Just checked, its really not for guarding a multi location disaster but rather , in case of any cyber attack if the data is corrupted in primary the same will be propagated to secondary/dataguard site. So in that case we will need to rely on the backup/recovery process RTO.

Also with regards to table/index compression. We are seeing in another database the table compression with 'compress for query high' option is decreasing the size of the data to 1/3rd of the original size. So is it safe to go for this compression as an initial approach and test this OLTP application against it? But for index it appear to be only Key compression , so we need to carefully see the non unique index if any. and what storage space benefit are we getting out of it.
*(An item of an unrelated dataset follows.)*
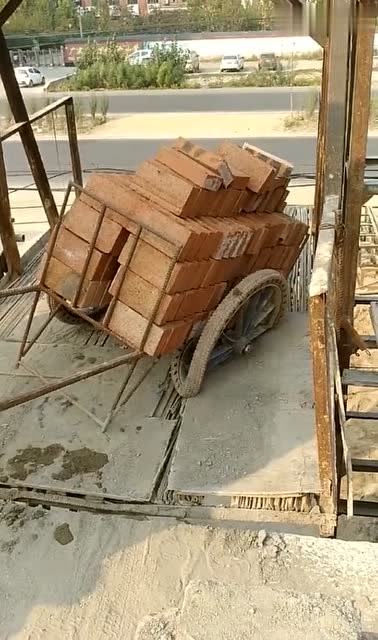 拉砖的车不能"超载",不然就是这个下场!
Correct me if wrong.  

On Wed, 27 Apr 2022, 7:08 pm Mark W. Farnham, <mwf_at_rsiz.com> wrote:

If the business requirement is truly for multiple site disasters still providing business continuation you have a difficult task.  

First, you should try to gain an understanding amongst the stakeholders that IF you are guarding against multiple data center disasters (otherwise a dataguard or a remote standby catch-up and fail-over seems sufficient), that implies you have a third repository of the data far away from the first two, most likely with an agreement with a third party to spin up hardware to recover on at their site.  

Very likely they will then understand that your current set up for failover is sufficient for the requirement.  

IF I am wrong about that, then the most likely solution is to introduce time based partitioning of all the data that in fact has a date after which it is not allowed to be changed AND is not required for the operations that must be available for business continuation. (Rarely are old transaction histories required with the same immediacy as current inventory quantities, and so forth).  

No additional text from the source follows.